Vrouwelijke componisten en muzikanten werden maar al te vaak vergeten of bleven in de schaduw van hun mannelijke collega’s staan. Sinds de jaren ’70 kent het onderzoek naar vrouwelijke componisten een toename. Mooie voorbeelden zijn Women & Music: a history geredigeerd door Karin Pendle en Het tweede thema of de verwaarloosde geschiedenis van de componerende vrouw van Simonne Claeys. Maar ondanks deze late inhaalbeweging loopt klassieke muziek nog steeds achter met haar genderbeleid. Nog steeds te vaak blijft hun muziek slechts noten op papier. Daarom stellen wij u graag voor aan een van deze vrouwelijke genieën: Isabella Leonarda.
Muzikaal genialiteit
Isabella Leonarda (1620-1704) werd in een lage adelijke familie te Novara geboren. Hoewel over haar kinderjaren geen informatie bewaard gebleven is, werd ze zoals gebruikelijk was voor de toenmalige aristocratie onderwezen in de kunsten en de muziek. In 1636 trad Leonarda toe tot de Collegio di Sant’Orsola in Novara, waar zij de rest van haar leven, doorbracht. De meeste van de nonnen uit deze gemeenschap kwamen uit de adelijke stand en kende een hoog cultureel niveau. Het is in deze context dat Leonarda’s muzikale vaardigheden openbloeiden.

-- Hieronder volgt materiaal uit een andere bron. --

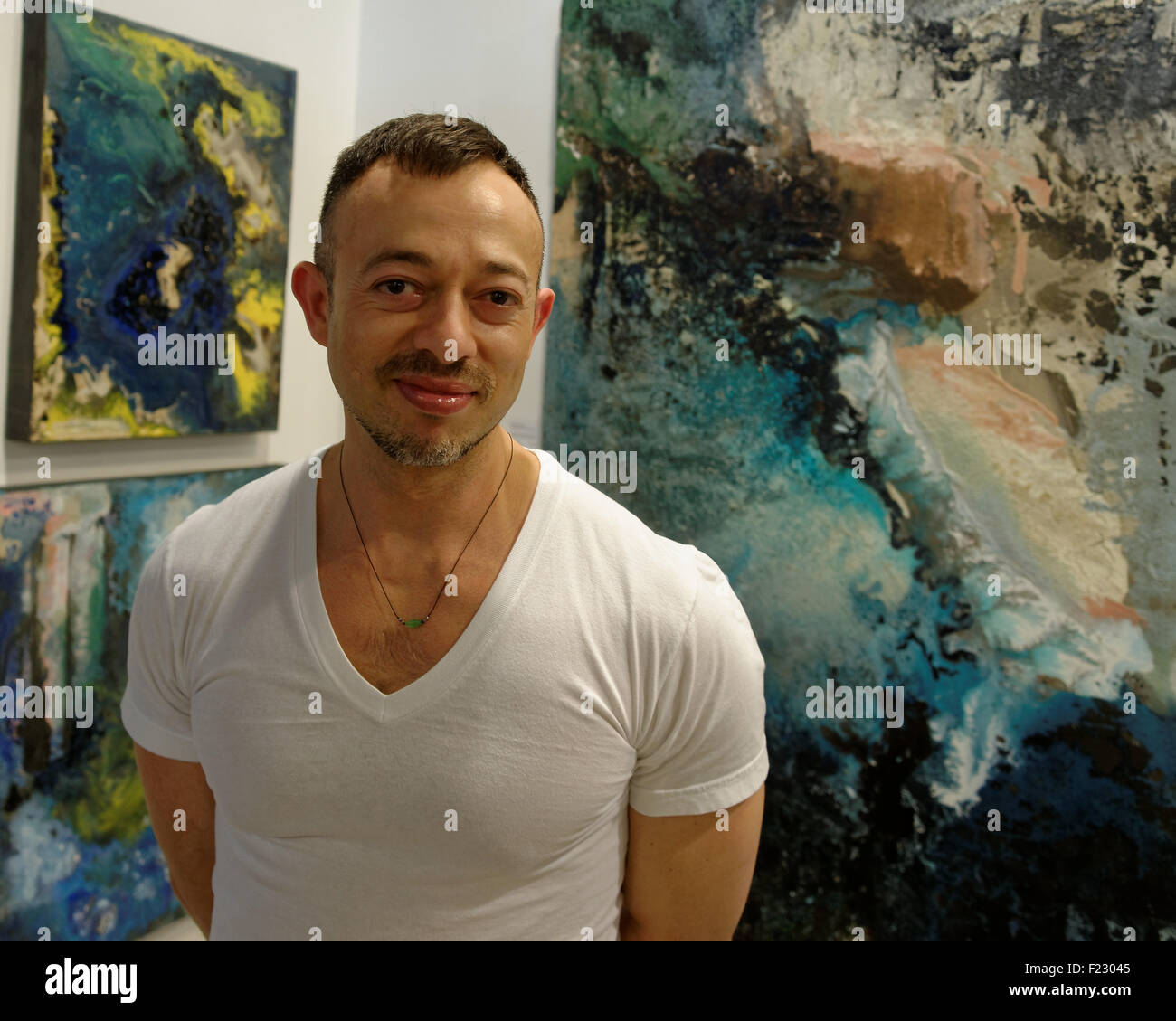 Sydney, Australia. 10th September, 2015.  Eduardo Santos is one of the artists exhibiting his works at the first artist-led 'The Other Art Fair' at Central Park in Sydney. Stock Photo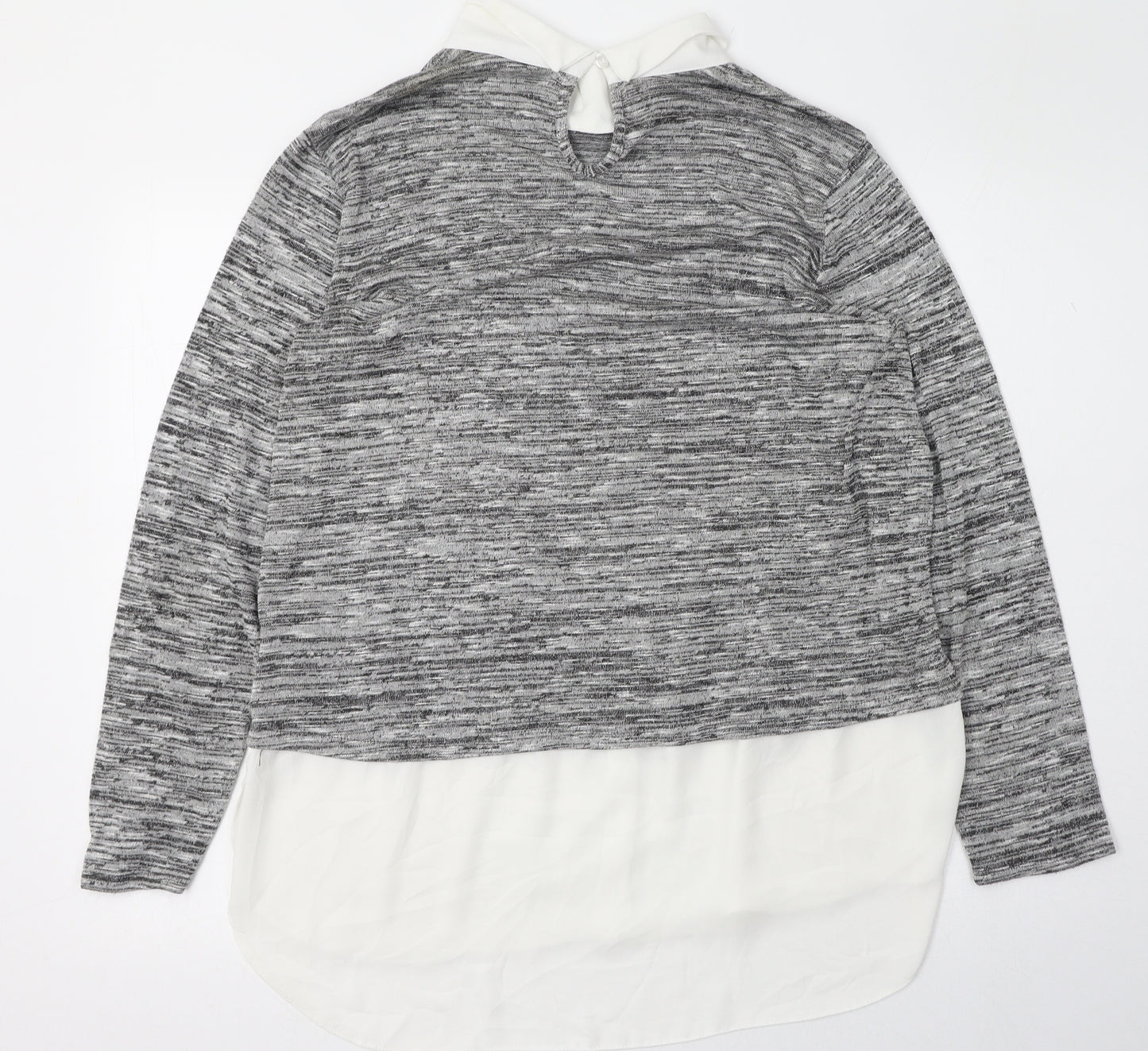 Wallis Womens Grey Collared  Polyester Pullover Jumper Size 16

Uit verslagen van de gemeenschap blijkt dat Leonarda een voorbeeldige non was. Ze bedreven in lezen, schrijven en de kunsten. Er staat geschreven dat ze een gave had voor gregoriaans te zingen en te versieren. Vermoedelijk kreeg Leonarda lessen compositie van Gasparo Casati (c.1610-1641) — een van de grootste componisten van zijn tijd en die koordirigent van Novara’s kathedraal was. Al in 1640, op haar 24e publiceerde Leonarda haar eerste werken. Ook is het vrijwel zeker dat ze geduurde deze vroege periode als magistra musicae met een schola cantorum optrad in de diensten van de kathedraal.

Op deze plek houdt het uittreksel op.